__Aim of the task__.
Please retype the records below exactly, from the first line down to and including the line with "Eriksson Garage referenssikuva".

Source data
▶

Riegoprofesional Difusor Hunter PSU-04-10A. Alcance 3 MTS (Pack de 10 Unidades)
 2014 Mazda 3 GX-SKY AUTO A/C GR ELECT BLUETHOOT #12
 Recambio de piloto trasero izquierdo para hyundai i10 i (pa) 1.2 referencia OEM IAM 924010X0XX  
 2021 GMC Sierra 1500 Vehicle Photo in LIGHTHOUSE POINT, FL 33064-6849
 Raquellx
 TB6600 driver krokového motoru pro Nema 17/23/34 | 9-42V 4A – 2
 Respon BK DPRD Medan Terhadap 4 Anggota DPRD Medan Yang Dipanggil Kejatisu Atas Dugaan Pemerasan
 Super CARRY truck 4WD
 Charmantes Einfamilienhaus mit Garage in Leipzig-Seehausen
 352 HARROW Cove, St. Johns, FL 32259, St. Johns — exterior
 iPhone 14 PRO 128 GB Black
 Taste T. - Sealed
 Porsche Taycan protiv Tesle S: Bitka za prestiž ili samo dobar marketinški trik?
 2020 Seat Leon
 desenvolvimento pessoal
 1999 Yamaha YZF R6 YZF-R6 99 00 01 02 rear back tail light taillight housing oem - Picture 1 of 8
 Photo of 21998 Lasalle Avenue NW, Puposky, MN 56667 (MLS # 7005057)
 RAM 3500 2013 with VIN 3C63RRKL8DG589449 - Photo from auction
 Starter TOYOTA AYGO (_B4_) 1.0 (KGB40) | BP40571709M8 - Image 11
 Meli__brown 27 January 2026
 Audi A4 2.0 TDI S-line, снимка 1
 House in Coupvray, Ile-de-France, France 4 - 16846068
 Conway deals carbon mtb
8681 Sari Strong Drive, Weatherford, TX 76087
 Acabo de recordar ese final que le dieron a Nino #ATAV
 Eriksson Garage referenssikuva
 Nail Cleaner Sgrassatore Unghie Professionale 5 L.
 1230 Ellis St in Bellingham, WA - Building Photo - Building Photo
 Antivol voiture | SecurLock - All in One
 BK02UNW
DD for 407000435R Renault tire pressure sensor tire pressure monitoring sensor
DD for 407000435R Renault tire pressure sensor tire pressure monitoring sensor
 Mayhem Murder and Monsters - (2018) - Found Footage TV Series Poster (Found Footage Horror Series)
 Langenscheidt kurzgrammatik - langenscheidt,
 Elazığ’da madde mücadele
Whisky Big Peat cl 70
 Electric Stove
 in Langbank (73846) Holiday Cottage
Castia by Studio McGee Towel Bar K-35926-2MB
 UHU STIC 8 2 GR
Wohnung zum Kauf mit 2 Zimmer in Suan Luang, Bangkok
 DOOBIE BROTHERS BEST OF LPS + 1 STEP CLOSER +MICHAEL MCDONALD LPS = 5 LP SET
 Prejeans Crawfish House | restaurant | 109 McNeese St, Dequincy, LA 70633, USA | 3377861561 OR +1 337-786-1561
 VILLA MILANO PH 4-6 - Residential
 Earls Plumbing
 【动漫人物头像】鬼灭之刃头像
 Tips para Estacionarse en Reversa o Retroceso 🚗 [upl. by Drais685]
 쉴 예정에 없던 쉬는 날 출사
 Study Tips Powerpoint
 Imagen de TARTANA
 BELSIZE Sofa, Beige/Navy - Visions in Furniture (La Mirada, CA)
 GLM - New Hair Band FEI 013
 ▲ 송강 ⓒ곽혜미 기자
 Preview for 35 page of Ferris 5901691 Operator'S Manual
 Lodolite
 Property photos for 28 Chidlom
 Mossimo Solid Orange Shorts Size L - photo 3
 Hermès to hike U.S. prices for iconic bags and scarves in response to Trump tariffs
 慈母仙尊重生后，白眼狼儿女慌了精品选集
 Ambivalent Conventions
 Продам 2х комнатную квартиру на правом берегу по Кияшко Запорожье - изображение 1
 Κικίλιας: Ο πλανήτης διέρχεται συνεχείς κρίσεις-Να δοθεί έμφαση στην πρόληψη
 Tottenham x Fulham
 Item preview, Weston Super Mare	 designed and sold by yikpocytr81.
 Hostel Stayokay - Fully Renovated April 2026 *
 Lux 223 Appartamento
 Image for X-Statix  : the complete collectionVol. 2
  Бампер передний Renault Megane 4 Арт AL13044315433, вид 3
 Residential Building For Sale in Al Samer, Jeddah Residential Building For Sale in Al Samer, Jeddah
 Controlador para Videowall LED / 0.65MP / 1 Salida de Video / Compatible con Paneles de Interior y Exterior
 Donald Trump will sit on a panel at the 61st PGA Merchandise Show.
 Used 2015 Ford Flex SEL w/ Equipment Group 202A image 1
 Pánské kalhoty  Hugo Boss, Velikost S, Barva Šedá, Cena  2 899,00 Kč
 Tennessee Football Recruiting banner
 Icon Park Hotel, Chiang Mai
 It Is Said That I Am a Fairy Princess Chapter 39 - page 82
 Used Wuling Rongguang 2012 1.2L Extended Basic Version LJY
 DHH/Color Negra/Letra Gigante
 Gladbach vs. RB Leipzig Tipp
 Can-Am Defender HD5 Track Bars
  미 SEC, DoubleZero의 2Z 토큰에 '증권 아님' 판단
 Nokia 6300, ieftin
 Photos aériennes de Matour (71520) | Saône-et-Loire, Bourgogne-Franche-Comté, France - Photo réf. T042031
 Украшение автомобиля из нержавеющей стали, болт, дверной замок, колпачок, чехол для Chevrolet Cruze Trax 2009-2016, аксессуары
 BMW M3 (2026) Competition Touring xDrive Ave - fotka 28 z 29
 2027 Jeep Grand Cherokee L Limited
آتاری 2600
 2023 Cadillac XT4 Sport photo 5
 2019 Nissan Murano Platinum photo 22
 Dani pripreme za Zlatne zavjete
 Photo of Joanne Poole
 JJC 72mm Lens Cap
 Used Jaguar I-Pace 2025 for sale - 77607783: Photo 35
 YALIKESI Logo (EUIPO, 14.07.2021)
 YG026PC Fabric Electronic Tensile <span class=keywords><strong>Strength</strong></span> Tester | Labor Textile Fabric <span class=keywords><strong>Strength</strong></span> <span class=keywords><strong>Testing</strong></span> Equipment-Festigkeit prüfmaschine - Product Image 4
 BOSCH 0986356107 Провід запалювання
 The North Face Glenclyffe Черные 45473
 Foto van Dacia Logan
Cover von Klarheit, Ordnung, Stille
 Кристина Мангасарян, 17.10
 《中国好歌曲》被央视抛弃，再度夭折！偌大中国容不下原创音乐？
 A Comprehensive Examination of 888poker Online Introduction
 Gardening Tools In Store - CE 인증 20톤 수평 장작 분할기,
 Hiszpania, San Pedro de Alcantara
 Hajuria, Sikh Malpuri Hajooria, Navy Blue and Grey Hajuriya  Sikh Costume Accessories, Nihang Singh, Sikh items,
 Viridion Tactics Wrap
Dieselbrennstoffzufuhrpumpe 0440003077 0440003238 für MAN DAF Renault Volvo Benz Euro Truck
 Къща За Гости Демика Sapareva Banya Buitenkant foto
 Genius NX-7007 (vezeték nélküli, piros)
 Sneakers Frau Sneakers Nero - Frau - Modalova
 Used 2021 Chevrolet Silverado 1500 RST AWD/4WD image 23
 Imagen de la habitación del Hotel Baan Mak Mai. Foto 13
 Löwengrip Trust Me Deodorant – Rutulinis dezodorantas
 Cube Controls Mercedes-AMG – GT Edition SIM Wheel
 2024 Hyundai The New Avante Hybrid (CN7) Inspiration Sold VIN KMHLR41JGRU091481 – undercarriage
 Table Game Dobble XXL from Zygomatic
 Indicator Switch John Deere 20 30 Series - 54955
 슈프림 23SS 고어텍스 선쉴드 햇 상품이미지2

◀

__Output of the exercise__.
Riegoprofesional Difusor Hunter PSU-04-10A. Alcance 3 MTS (Pack de 10 Unidades)
 2014 Mazda 3 GX-SKY AUTO A/C GR ELECT BLUETHOOT #12
 Recambio de piloto trasero izquierdo para hyundai i10 i (pa) 1.2 referencia OEM IAM 924010X0XX  
 2021 GMC Sierra 1500 Vehicle Photo in LIGHTHOUSE POINT, FL 33064-6849
 Raquellx
 TB6600 driver krokového motoru pro Nema 17/23/34 | 9-42V 4A – 2
 Respon BK DPRD Medan Terhadap 4 Anggota DPRD Medan Yang Dipanggil Kejatisu Atas Dugaan Pemerasan
 Super CARRY truck 4WD
 Charmantes Einfamilienhaus mit Garage in Leipzig-Seehausen
 352 HARROW Cove, St. Johns, FL 32259, St. Johns — exterior
 iPhone 14 PRO 128 GB Black
 Taste T. - Sealed
 Porsche Taycan protiv Tesle S: Bitka za prestiž ili samo dobar marketinški trik?
 2020 Seat Leon
 desenvolvimento pessoal
 1999 Yamaha YZF R6 YZF-R6 99 00 01 02 rear back tail light taillight housing oem - Picture 1 of 8
 Photo of 21998 Lasalle Avenue NW, Puposky, MN 56667 (MLS # 7005057)
 RAM 3500 2013 with VIN 3C63RRKL8DG589449 - Photo from auction
 Starter TOYOTA AYGO (_B4_) 1.0 (KGB40) | BP40571709M8 - Image 11
 Meli__brown 27 January 2026
 Audi A4 2.0 TDI S-line, снимка 1
 House in Coupvray, Ile-de-France, France 4 - 16846068
 Conway deals carbon mtb
8681 Sari Strong Drive, Weatherford, TX 76087
 Acabo de recordar ese final que le dieron a Nino #ATAV
 Eriksson Garage referenssikuva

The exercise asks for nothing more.